Dit besluit kadert in de taak van het Europees Comité voor systeemrisico's (“ESRB”) om alle informatie te vergaren en te analyseren die nodig is voor het macroprudentieel toezicht op het financiële stelsel binnen de Europese Unie, teneinde bij te dragen tot het beperken of het voorkomen van systeemrisico's voor de financiële stabiliteit binnen de Europese Unie (zie art. 3, 2. van verordening (EU) nr. 1092/2010 [1]). In die context geldt de verplichting voor o.a. de Europese toezichthoudende autoriteiten (“ESA's”), het Europees Stelsel van Centrale Banken (“ESCB”) en de nationale toezichthoudende autoriteiten om het ESRB alle voor het vervullen van zijn taken benodigde informatie te verstrekken (zie art. 15, 2. van verordening (EU) nr. 1092/2010). Dit besluit actualiseert het kader voor de regelmatige verstrekking van geaggregeerde informatie door te bepalen welke geaggregeerde informatie het ESRB nodig heeft voor de uitvoering van zijn taken en de gedetailleerde regels vast te stellen voor het verstrekken en verzamelen van die informatie. Bijlage I bij het besluit legt vast welke informatie de ECB op welke wijze aan het ESRB moet verschaffen (inzonderheid zgn. “Gedeelde gegevens” overeenkomstig het Memorandum van Overeenstemming van 25 september 2013). Bijlage II bij het besluit legt vast welke informatie de Europese Bankautoriteit (EBA) (i.e. de risico-indicatoren en de instrumenten voor gedetailleerde risico-analyse) en de Europese Autoriteit voor verzekeringen en bedrijfspensioenen (EIOPA) (i.e. een set indicatoren afgeleid uit de gegevens van aan EIOPA door de nationale toezichthouders overlegde reguliere toezichtrapportages inzake Solvabiliteit II) op welke wijze (i.e. voor iedere lidstaat afzonderlijk volgens het algemene aggregatievereiste) aan het ESRB over moeten maken. Bijlage III bij het besluit heeft betrekking op het ad hoc verzoeken om informatie door het ESRB en legt vast op welke wijze (1) reeds beschikbare informatie die niet verplicht moest worden overdragen, moet worden overhandigd, en (2) de twee typen van ad hoc onderzoeken gevoerd moeten worden.

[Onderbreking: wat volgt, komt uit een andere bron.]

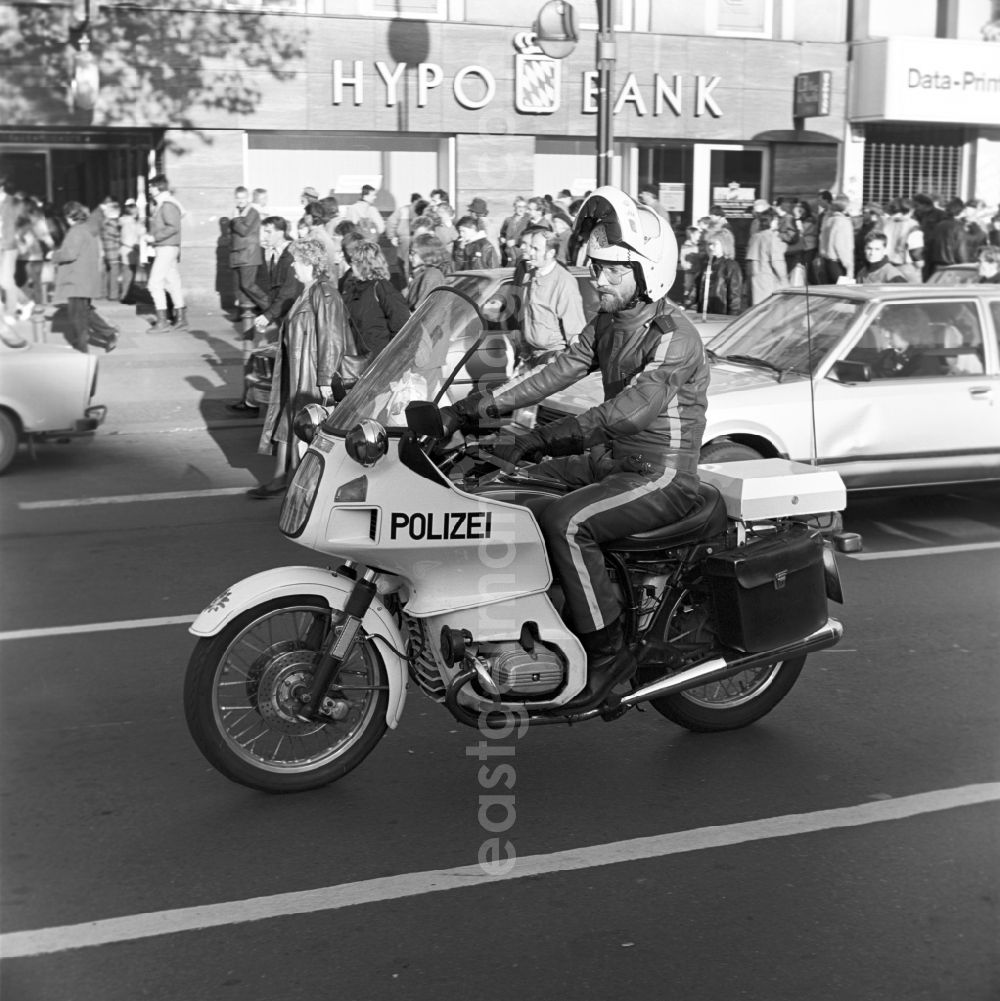 GDR photo archive: Berlin - Charlottenburg - West Berlin police shows present on the Kurfürstendamm to the traffic due to capacity limitations. Visitors from the GDR flow along the Kurfürstendamm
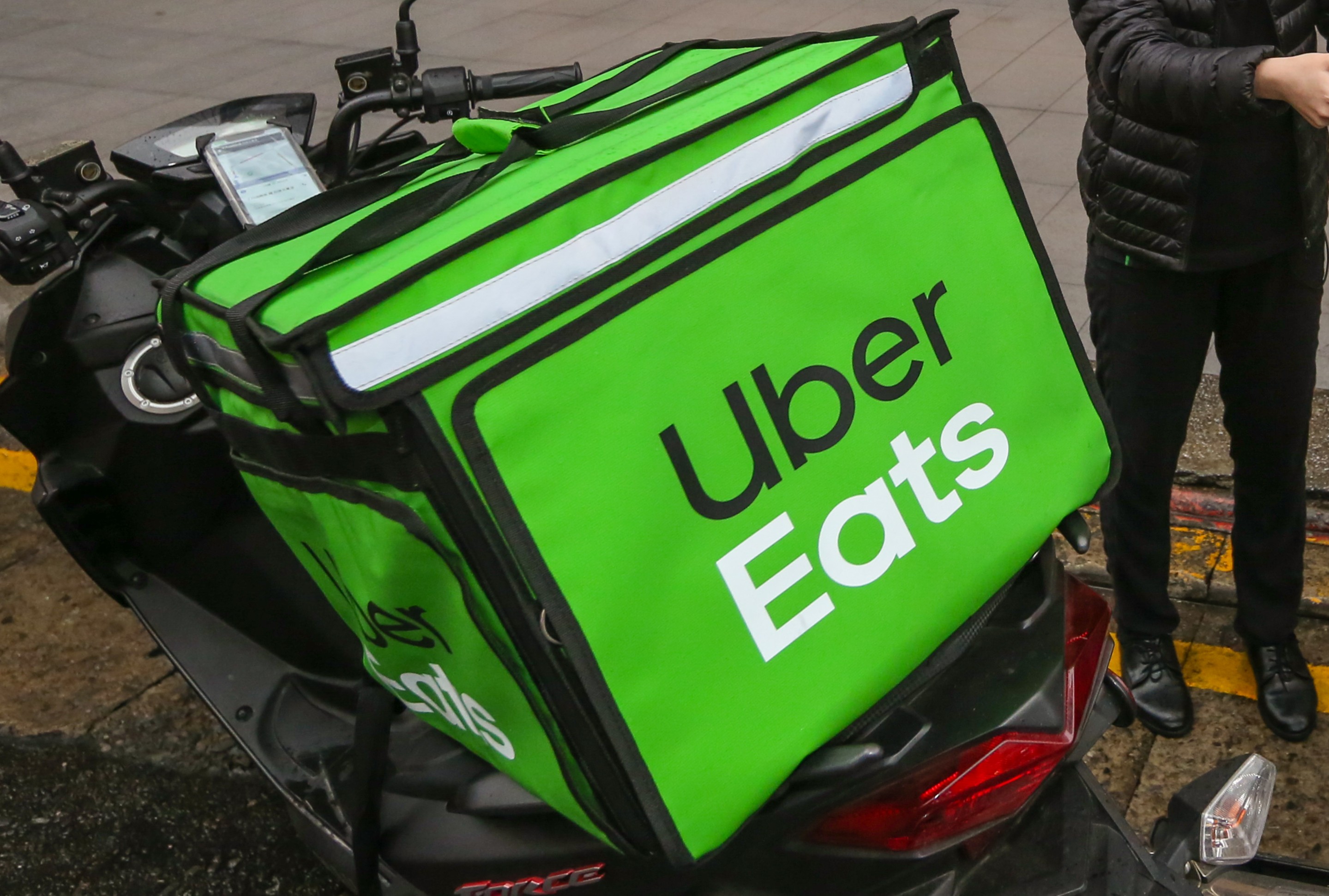 有消費者點餐遇到越南籍外送員，懷疑違法還報警處理，而外送員則喊冤強調警察已經確認他的身分完全合法。（示意圖，本刊資料照）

Bijlage II treedt pas in werking indien de erin vermelde indicatoren eveneens zijn voortgebracht én de relevante technische specificaties inzake gegevensverstrekking zijn vastgelegd door het ESRB-secretariaat.

BANK- EN KREDIETWEZEN
Europees bankrecht - Toezicht op de kredietinstellingen - Algemeen
BANQUE ET CRÉDIT
Droit bancaire européen - Contrôle des banques - Généralités
[1] Verordening (EU) nr. 1092/2010 van het Europees Parlement en de Raad van 24 november 2010 betreffende macroprudentieel toezicht van de Europese Unie op het financiële stelsel en tot oprichting van een Europees Comité voor systeemrisico's, Pb.L. van 15 december 2010, afl. 331, 1.